I have written elsewhere that one of the greatest blessings of being a parent is being able to relive the best parts of childhood—to become a child again, to rediscover the wonder of a life where everything was new and anything was possible. This weekend reminded me of another blessing, even greater. Being a parent means not only being able to re-experience the wonders of childhood, but to help transmit them in an intergenerational drama of redemption. Neither of my parents knew their grandparents or any of their cousins when they were growing up. While my siblings and I knew our cousins, they were mostly (with one exception) too far away, or too old, or too busy to take any regular interest in our lives. Nonetheless, even if it wasn’t always our experience that family—extended family, anyway—was everything, dad told us, over and over, like a magical incantation, that one day our siblings would be our best friends. (The occasions he chose to remind us of this incantation were precisely those when it seemed least likely to be true). But now, I wake up and find that it is true: my siblings are among my best friends. What’s more, my children are growing up knowing that their cousins are among their best friends. I am not just witnessing and re-experiencing some of the warmest memories of my childhood—some of those core experiences that most inform my idea of “home” to this day. I am watching them expand—watching “home” blossom like a flower in the secret garden of my children’s hearts, bigger and more vibrant even than it was in mine.

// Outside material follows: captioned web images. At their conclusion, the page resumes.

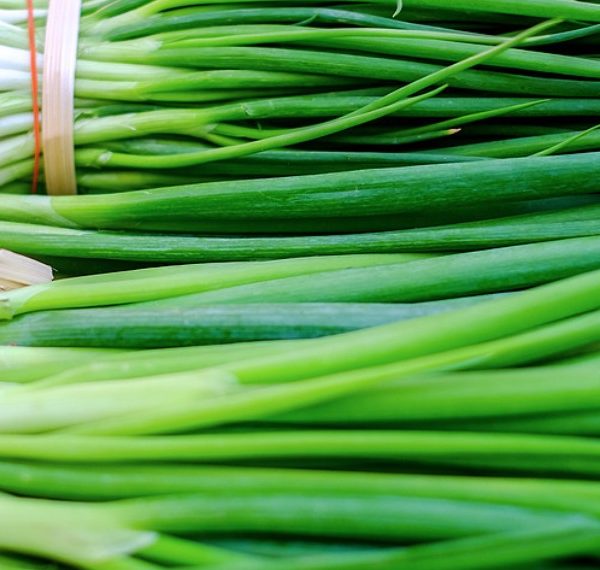 1 BUNDLE SPRING ONION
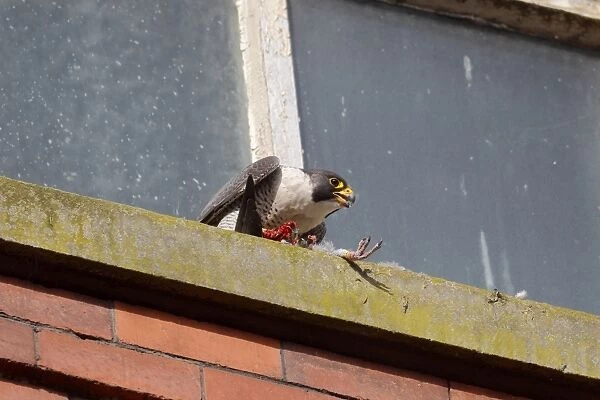 Peregrine Falcon (Falco peregrinus) adult, feeding on racing pigeon kill, on window ledge of building, Derbyshire
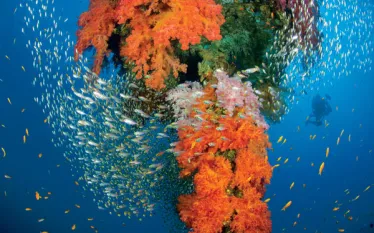scd_secretspot_-.jpg.webp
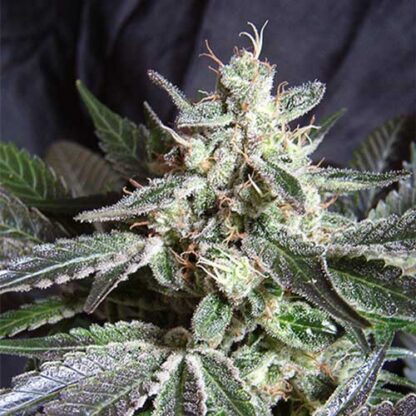 black jack F1 sweet seeds fast version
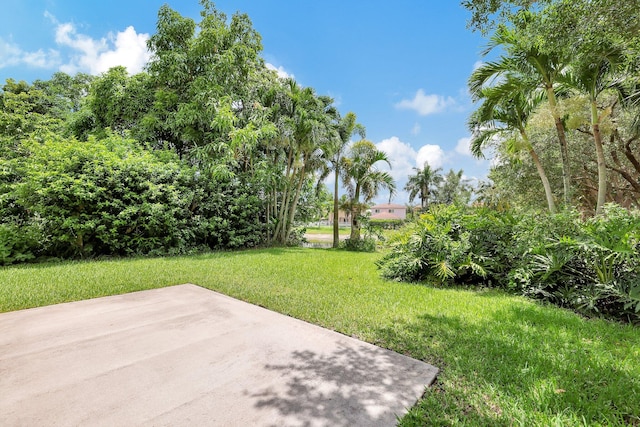 view of yard featuring a patio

In conclusion, I have often focused on my own frustrations seeking identity, purpose, and meaning in a world where, professionally at least, I have struggled to find a niche. But this weekend reminded me that there are more important things than CVs, salaries, or professional plaudits. In a world where intergenerational trauma is rife and we see patterns of abuse and pathology passed down like genetic mutations, to see the process reverse itself is a rare and beautiful thing. To get to participate in that redemption is rarer and more beautiful still.

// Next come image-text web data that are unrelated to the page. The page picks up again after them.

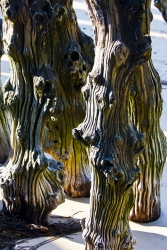 Totems bretons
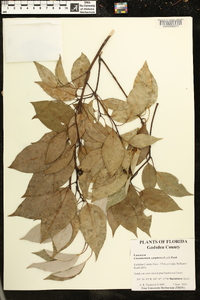 Cinnamomum camphora image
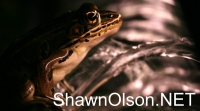 Leopard Frog in Fountain
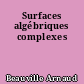 Surfaces algébriques complexes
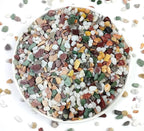 2LB Succulent and Cactus Gravel Pebbles, 1/5 Inch Natural Decorative Polished by YISZM-ForYourNaturalLife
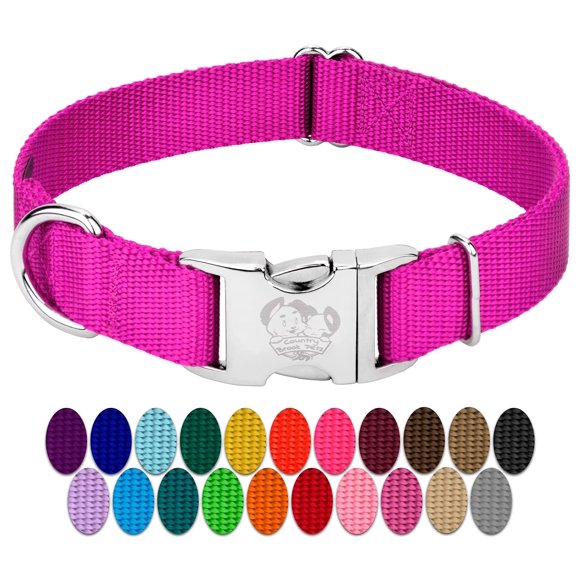 Country Brook Petz Premium Nylon Dog Collar with Metal Buckle for Small Medium Large Breeds - Vibrant 30+ Color Selection (Extra Large 1 Inch Fuchsia)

[1] For the record, it unfortunately needs to be noted that, for us at least, this was entirely a nostalgic song about the transience of childhood and had nothing to do with “puffing the magic dragon.”
So enjoyed this post and reflecting on so many gatherings with family
Cherished late nights with cousins
And of course the 1993 version of the secret garden who I saw with my best friend in the theater. We remain the closest of friends 48 yrs and counting!
This is such a sweet reflection, Michael.